Attenborough also directed the screen version of the musical A Chorus Line (1985); and the apartheid drama Cry Freedom based on the life and death in police custody of prominent anti-apartheid activist Steve Biko and the experiences of Donald Woods. He was nominated for a Golden Globe Award for Best Director for both films.
In 1967, he was made a Commander of the Order of the British Empire (CBE). He was knighted in 1976 and in 1993 he was made a life peer as Baron Attenborough, of Richmond upon Thames in the London Borough of Richmond upon Thames.
On 13 July 2006, Attenborough, along with his brother David, were awarded the titles of Distinguished Honorary Fellows of the University of Leicester "in recognition of a record of continuing distinguished service to the University".

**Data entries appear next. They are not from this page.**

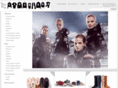 shopclothings.com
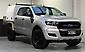 2017 Ford Ranger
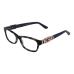 Brillenframe Dames Guess GU2986 51020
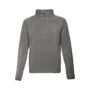 Unisex fliis Vienna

On 20 November 2008, Attenborough was awarded an Honorary Doctorate of Drama from the Royal Scottish Academy of Music and Drama (RSAMD) in Glasgow.

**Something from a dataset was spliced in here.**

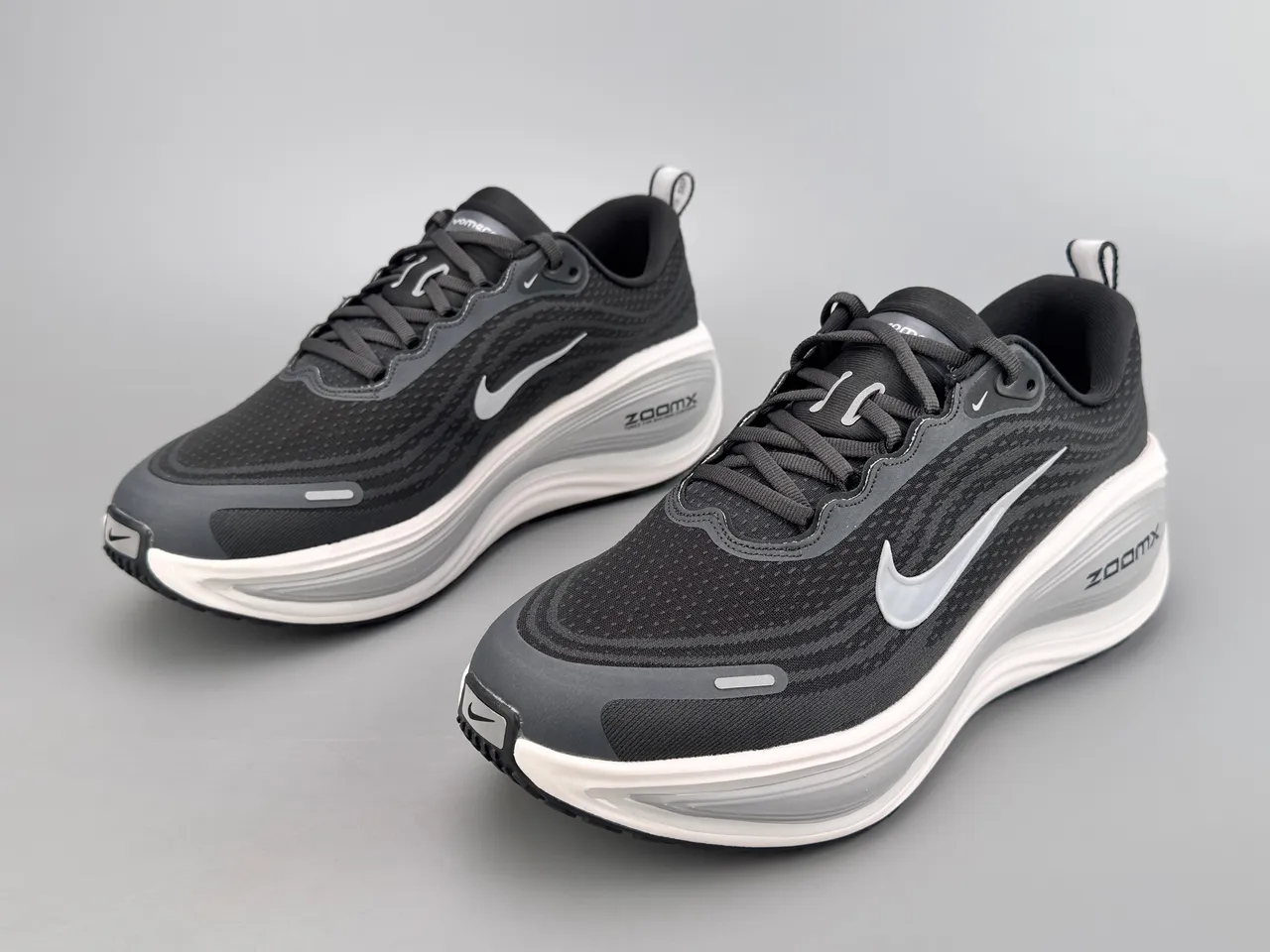 Nike ZoomX Invincible Run Running Shoes 7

Lord Attenborough is also listed as an Honorary Fellow of Bangor University for his continued efforts to film making.
Attenborough has been married to English actress Sheila Sim since 1945. Since 1951 he has lived in a house on Richmond Green; his wife became a local JP. They had three children. On December 26 (Boxing Day), 2004 his elder daughter, Jane Holland, as well as her daughter, Lucy, and her mother-in-law, also named Jane, were killed in the tsunami caused by the 2004 Indian Ocean earthquake.
A memorial service was held on 8 March 2005, and Attenborough read a lesson at the national memorial service on 11 May 2005. His grandson Samuel Holland and granddaughter Alice Holland also read in the service. A commemorative plaque has been placed in the floor of St Mary Magdeline's Parish church in Richmond.
As well as his daughter Jane, Attenborough has two other children, Michael John and Charlotte, an actress. Michael John Attenborough is Creative Director of the Almeida Theatre, London, married to actress Karen Lewis and has two sons. Attenborough has six grandchildren, five grandsons and one granddaughter, Alice (Lucy d. 2004).
Attenborough's father was principal of University College, Leicester, now the city's university. This has resulted in a long association with the university, with Lord Attenborough a patron. The university's Richard Attenborough Centre for Disability and the Arts, which opened in 1997, is named in his honour. His son, Michael Attenborough, is also a director. He has two younger brothers, the world famous naturalist Sir David Attenborough; and John Attenborough, who has made a career in the motor trade.
He has collected Picasso ceramics since the 1950s. More than 100 items went on display at the New Walk Museum and Art Gallery in Leicester in 2007; the exhibition is dedicated to his family members lost in the tsunami.
In 2008 he published in association with his long standing associate, Diana Hawkins, an informal autobiography, Entirely Up to You, Darling.
In August 2008 Attenborough was hospitalised with heart problems, and was fitted with a pacemaker. In December 2008 he suffered a fall at his home and was admitted to St George's Hospital in Tooting, South West London. He went into a coma, but came out of it within a few days. As of 24 March 2009 he remains at St George's Hospital. However it is expected that he will be discharged by the summer in time to film Ironclad, which will be the 74th film of his career.
Attenborough died from illness on 24 August 2014, five days before his ninety-first birthday.